26.09.2017
Wahlecho 1: Kleine
Wahlnachlese 2017 oder „Fünf Millionen Deutsche
wollen wieder einen Führer haben!“
Von Knut Maßmann, Mitglied des Geschäftsführenden Landesausschusses der VVN-BdA NRW
Nach der Landtagswahl NRW, der
nicht nur die Ablösung der rotgrünen Landesregierung
durch eine schwarzgelbe Koalition, sondern auch einen Einzug der
rechten AfD in den Landtag brachte, folgt mit der Bundestagswahl nun
die Fortsetzung. Die AfD zieht mit einem zweistelligen Ergebnis als
drittstärkste Fraktion nach CDU/CSU und SPD in den Deutschen
Bundestag im Reichstagsgebäude ein. Wie kam es dazu?
Wenn wir uns die Politik der letzten zwei
Jahrzehnte ansehen, in denen in unterschiedlichen Kombinationen CDU,
CSU, SPD, FDP und Bündnis 90/Die Grünen an der
Bundesregierung beteiligt waren, lassen sich große
Unterschiede in der tatsächlichen Politik zwischen ihnen kaum
feststellen. Der 1998 gebildeten Regierung aus SPD und Bündnis
90/Die Grünen folgte 2005 eine sogenannte
„große“ Koalition aus CDU/CSU und SPD,
der wiederum 2009 eine Koalition aus CDU/CSU und FDP folgte. Da bei der
letzten Bundestagswahl die FDP nicht in den Bundestag eingezogen war,
bildeten CDU/CSU und SPD 2013 erneut eine
„große“ Koalition.
Sie alle betrieben mehr oder weniger eine
neoliberale Politik, die im Ergebnis die soziale Spaltung der
Gesellschaft verschärft und den sozialen Frieden
(zer-)stört. Sie alle betrieben mehr oder weniger eine
Militarisierung der Außenpolitik, die nach Außen im
Ergebnis dieselben Folgen zeitigt wie nach Innen. Eines der Ergebnisse
dieser Politik sitzt nun mit im Deutschen Bundestag: die sogenannte
„Alternative für Deutschland“.
Eine rechte
„Alternative“ für Deutschland
War der Begriff der
„Alternative“ in den 1970er und 1980er Jahren mit
den Neuen Sozialen Bewegungen und der Partei „Die
Grünen“ verknüpft gewesen, hat sich nun die
AfD diesen Begriff angeeignet. Auf der rechten Seite des
Parteienspektrums hat sie sich als sogenannte „Alternative
für Deutschland“ (AfD) gegründet.
Entstanden aus einem neoliberalen Anti-Euro-Projekt versammelt sie und
ihr Umfeld inzwischen neben neoliberalen, offen rechtsextreme,
völkische und rassistische Positionen, von denen viele gehofft
hatten, dass diese in Deutschland nach den Erfahrungen der Nazi-Zeit
keine Bedeutung mehr erlangen würden.
Gleichwohl war seit langem bekannt, dass es ein
rechtsextremes Potential in der Wahlbevölkerung gab und gibt.
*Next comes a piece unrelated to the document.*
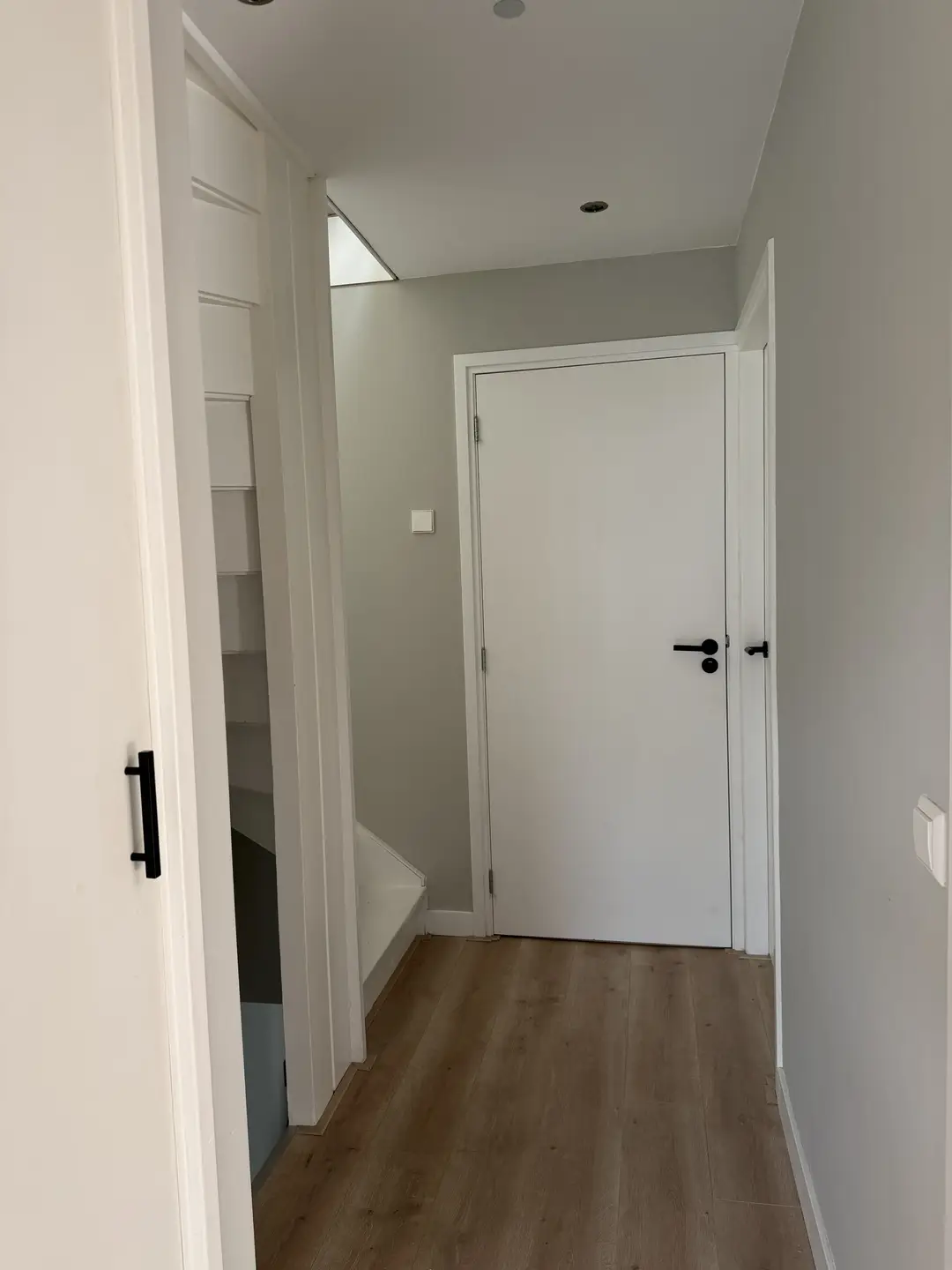 Foto #20 Huurwoning Dorsersstraat Nieuw-Vennep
Bereits im Jahre 1981 hatte die SINUS-Studie in der alten,
westdeutschen Bundesrepublik für Aufregung gesorgt, als sie
mit sozialwissenschaftlichen Mitteln ein Potential von 13 %
Wähler mit einem rechtsextremen Weltbild beschrieb. Zum
„Inventar des rechtsextremen Weltbildes“
zählt die Studie unter anderem die emotional besetzten
Begriffe „Volk, Vaterland und Heimat“, sowie
Ethnozentrismus und Rassismus. Die führenden Politiker der
Bundesrepublik würden als Marionetten der Alliierten, die
Schweiz als Vorbild einer schärferen
Ausländergesetzgebung gesehen und mit zeitlichem Abstand werde
die Gedankenwelt der Nazis wieder unbefangener propagiert. Neben der
Wahrnehmung der wirtschaftlichen Krise werde im rechtsextremen Weltbild
vor allem ein Werteverfall in der Gesellschaft festgestellt.
Es ist geradezu verblüffend, wie deutlich
die Ergebnisse der SINUS-Studie in das Bild passen, das die AfD, ihre
Anhänger und ihr Umfeld mit PEGIDA & Co heutzutage
geben. War es bislang rechtsextremen Parteien wie der NPD, aber auch
den Republikanern, nicht gelungen, in den Deutschen Bundestag
einzuziehen, so hat mit der AfD das latente, rechtsextreme Potential
der Wahlbevölkerung seinen parteipolitischen Ausdruck gefunden.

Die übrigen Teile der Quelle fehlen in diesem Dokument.